Jamais je n’ai jamais réussi à effacer le souvenir de cette autre vie au creux de mes nuits agitées de souffrances. Comme un fantôme du passé venu tourmenter chacun de mes sommeils, ces mauvais songes me hantent sans que je ne puisse jamais les attraper et les détruire. Des songes qui s’amalgament en une seule entité de haine et de souffrance, comme un fantôme sanguinolent, grotesque, qui me mange l’inconscient. Je le connais si bien désormais que j’ai presque l’impression qu’il habite un peu de mon âme, un peu de ma chair. Je sais très bien qu’il se nourrit de moi, de ma tête, de mon cœur, de mes pleurs. Il vit de mes morts, comme un mauvais sort, il m’empêche d’oublier. C’est peut-être aussi ce que j’avais désiré durant ce vol si lointain, ne jamais oublier ces atrocités vécues…

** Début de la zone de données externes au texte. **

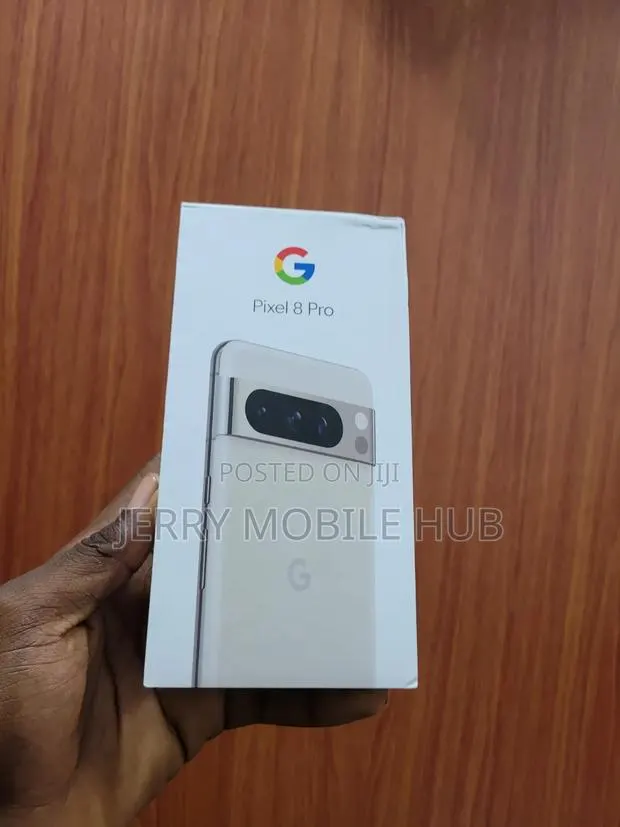 New Google Pixel 8 Pro 128 GB White · Photo 1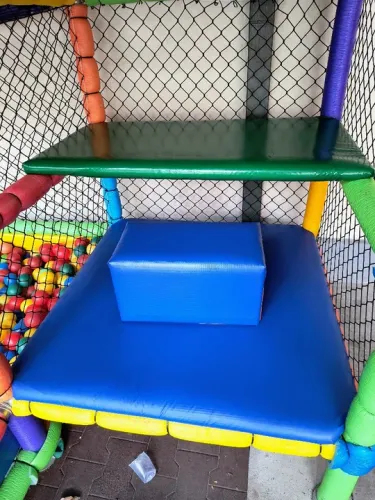 Kid play brinquedão/ labirinto reformas, manutenções e desmontagem 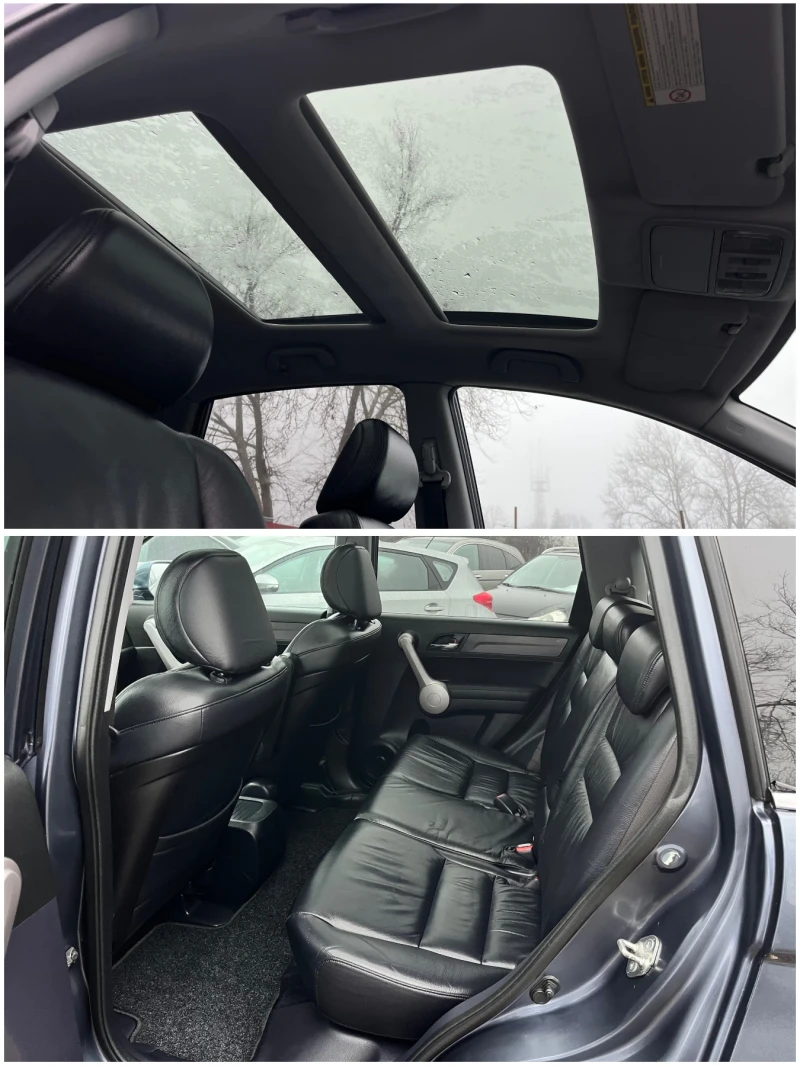 Honda Cr-v 2, 2i-CDTI-ПАНОРАМА/КАМЕРА/КОЖА/НАВИГАЦИЯ!!!, снимка 12 - Автомобили и джипове - 53264262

Ce que je n’avais pas réalisé, c’est que les souvenirs que j’aimerais aujourd’hui posséder sont les sourires de ma mère, les rires de ma petite sœur, les regards étoilés de mes frères, la douceur des gestes de mon père. Hors, tout cela, je l’ai oublié. Je le sais. Je ne reconnais plus que cette feinte odeur d’un bonheur déchiqueté. Et toujours, ces cauchemars au cœur de mes nuits, cauchemars remplis de cette détresse dépassée qui ne veut plus me lâcher. Même après m’être mariée l’été dernier, le fantôme honni est resté ancré au fond de mes songes. Même son amour inconditionnel n’y a rien changé. Chaque nuit ces mêmes sueurs, chaque nuit ces mêmes peurs. Et, depuis neuf mois cette vie nouvelle qui grandit en mon ventre éclaté. Petit être de chair et d’espoir.
Ce matin, les premières contractions me retournent les entrailles. Sept heures à hurler, à halluciner les esprits des ancêtres. Sept heures à pleurer, évacuer ma douleur intime en une souffrance ultime. Sept heures à pousser. Pousser la vie, crier la mort. En une ultime giclée de sang écarlate, une petite tête s’est dessinée. Petite chose portant en ses veines un petit peu de chacun des miens, fruit de tous les combats de mon existence, petit miracle entre mes mains. Ses premiers cris ont effacé chacune de mes douleurs comme par magie. Mon esprit s’est enfin calmé.
C’est un garçon me dit-on. Je hurle de joie incandescente, je crois que je viens de le tuer, ce fantôme du passé, reflet d’un malheur périmé, le voici effacé. Je le sais. C’est avec la promesse d’un futur que j’aurai fini par l’écraser. Ce soir, mon bébé dort à mes cotés. Au plus profond de mon cœur cicatrisé, je réalise que je suis définitivement transformée. Pour la première fois depuis des années, ma nuit sera belle car je peux à nouveau rêver d’avenir et de bonheur partagé.